ROME • It is one of the most secretive organisations in the world, with power passed through blood ties and family loyalty. But Italy's ruthless 'Ndrangheta mafia may have met its match.
Judges in the country's deep south have been placing the offspring from Italy's most powerful criminal organisation into care in a bid to save them from following their grandfathers, fathers and uncles down the path to prison.
Initially, the project sparked controversy, with the Catholic Church in particular protesting against the tearing of children from homes.
But four years after it was launched in the crime-plagued Calabria region, the government has signed a protocol which will not only unlock fresh resources but could also see the scheme applied nationwide in other mafia strongholds.
Dubbed "Liberi di Scegliere" (Free to Choose), the programme has so far seen 40 young people sent to live with foster families or in communities in secret locations across the country, where they learn about life beyond the clans.
"The issue is extremely delicate and we're walking a thin line," admitted Interior Minister Marco Minniti, as he presented the new protocol this weekend along with Justice Minister Andrea Orlando.

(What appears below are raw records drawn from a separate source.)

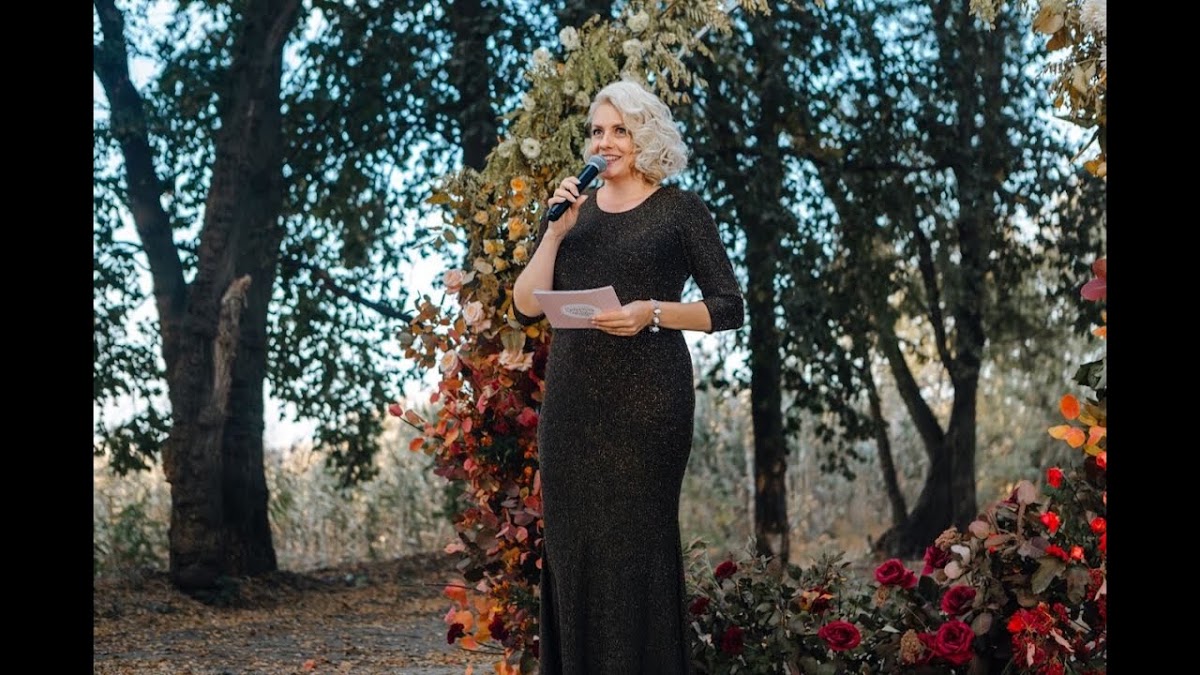 Елена Лока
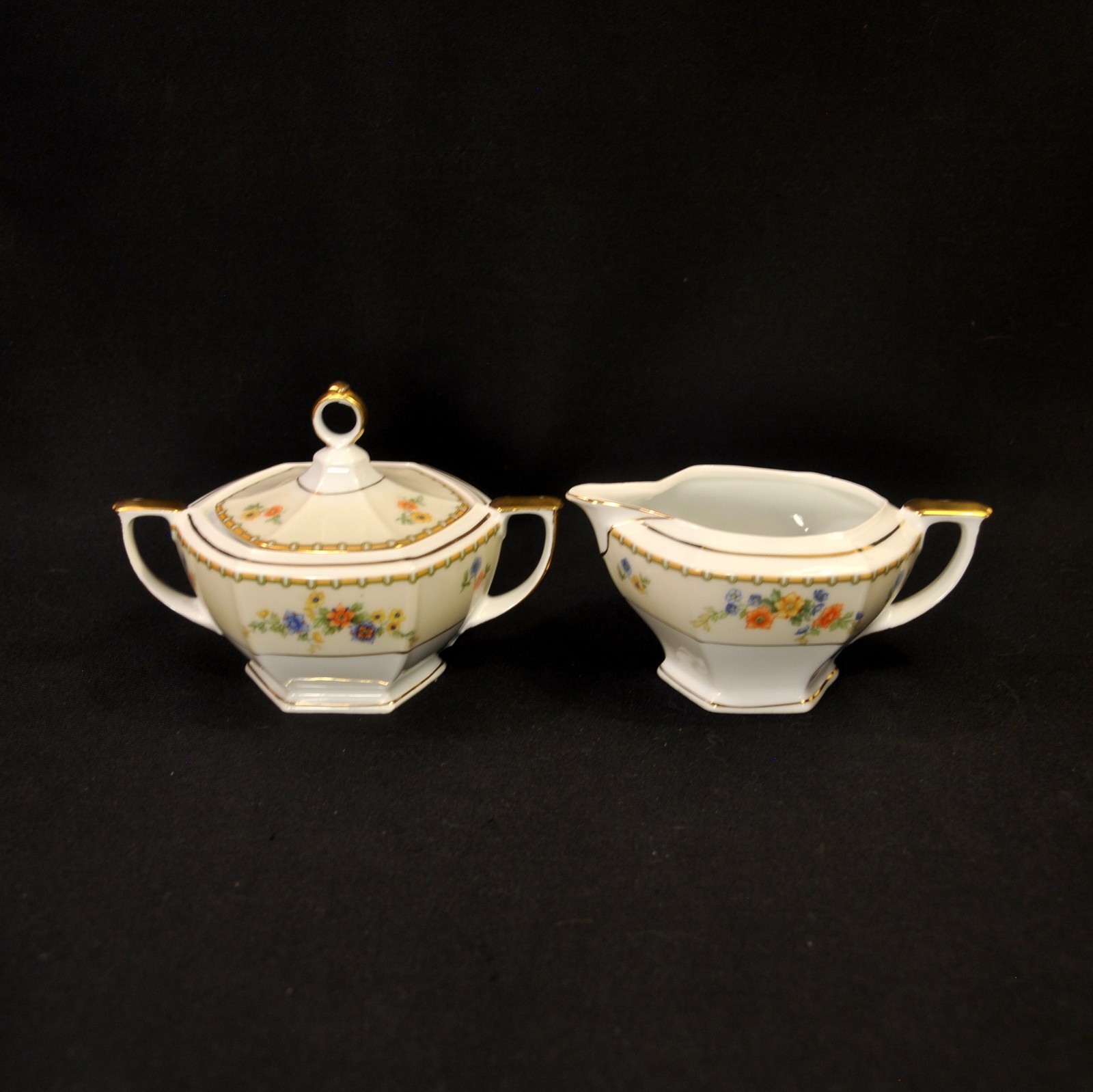 MZ Moritz Zdekauer CM-R Czechoslovakia Creamer & Sugar w/Lid Diana 1918-1939 HTF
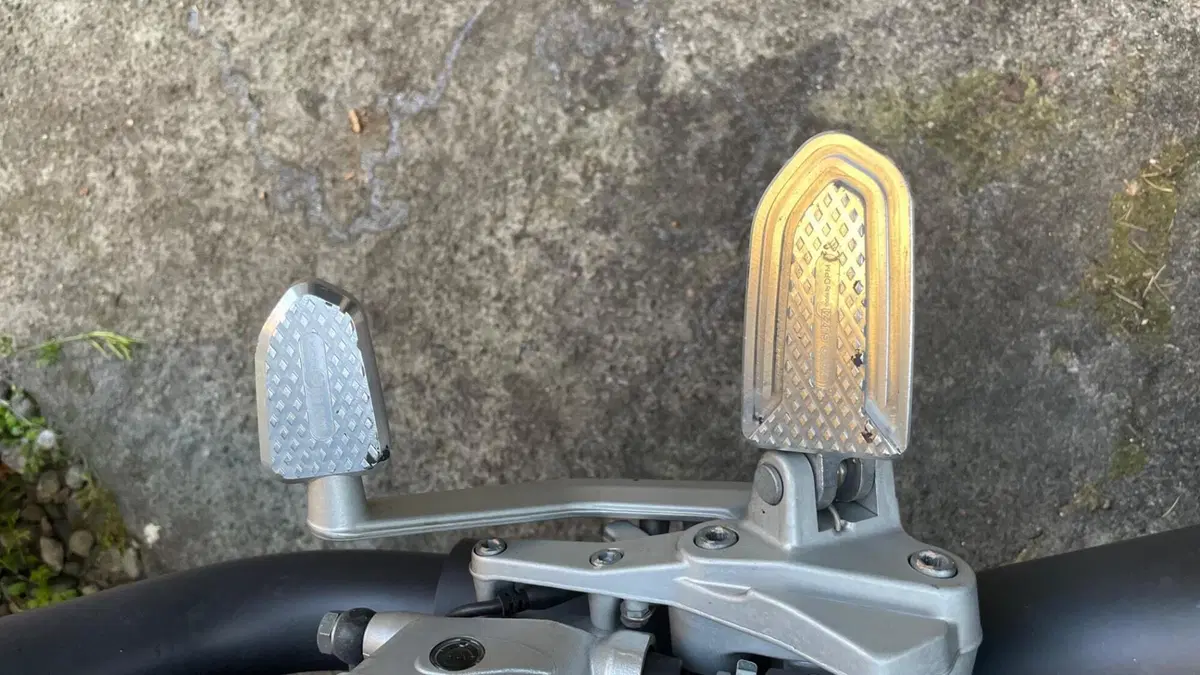 Moto Guzzi V9 Bobber (2016 - 18)  (7)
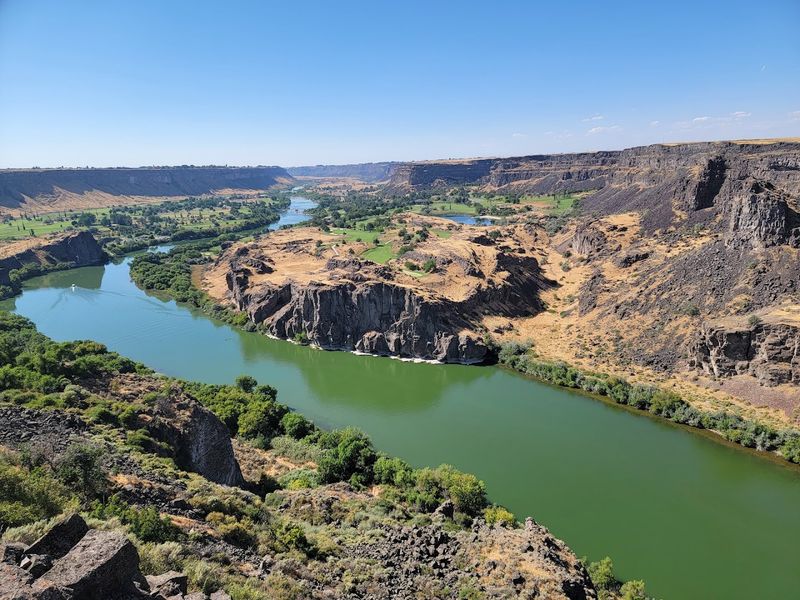 Snake River Views Give Every Round Extra Drama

"And yet there are situations in which a country's democratic institutions have to intervene in intra- family relations to guarantee the freedom of minors," he said.
The results have been extraordinary. The kids go back to school, they take part in socially useful activities, they reveal talents and potential that had been repressed by their sphere of provenance.
JUDGE ROBERTO DI BELLA, who launched the project at the juvenile court in Reggio when he realised that the minors coming before him were the children of those he had put away in the 1990s. Most are sent into the programme when they are 15 or 16 years old and stay until they turn 18.
The name 'Ndrangheta comes from the Greek for courage or loyalty, and the organisation's brutal enforcement of codes of silence make it very difficult to penetrate - and equally as difficult to leave.
Judge Roberto Di Bella, who launched the project at the juvenile court in Reggio when he realised that the minors coming before him were the children of those he had put away in the 1990s, told Agence France-Presse that "the results have been extraordinary".
"The kids go back to school, they take part in socially useful activities, they reveal talents and potential that had been repressed by their sphere of provenance," he said.
The young people who qualify are those considered to be on a fast track to joining the family business, whether they are arrested for smuggling Kalashnikovs or their parents are caught on wiretaps training them in mafia codes.
Most are sent into the programme when they are 15 or 16 years old and stay until they turn 18.
"The idea is to make them understand jail is not an obligatory step or a medal to be worn with pride," said Judge Di Bella.
There has been another unexpected consequence: a maternal rebellion. Mothers have approached the court in secret to request that their children be sent away or ask to be sent away themselves. Others have turned informant.
The new protocol will see specialised teams of psychologists, social workers, tutors and foster families set up and financed by the region to transform the largely ad hoc process into "an anti-mafia educative task force".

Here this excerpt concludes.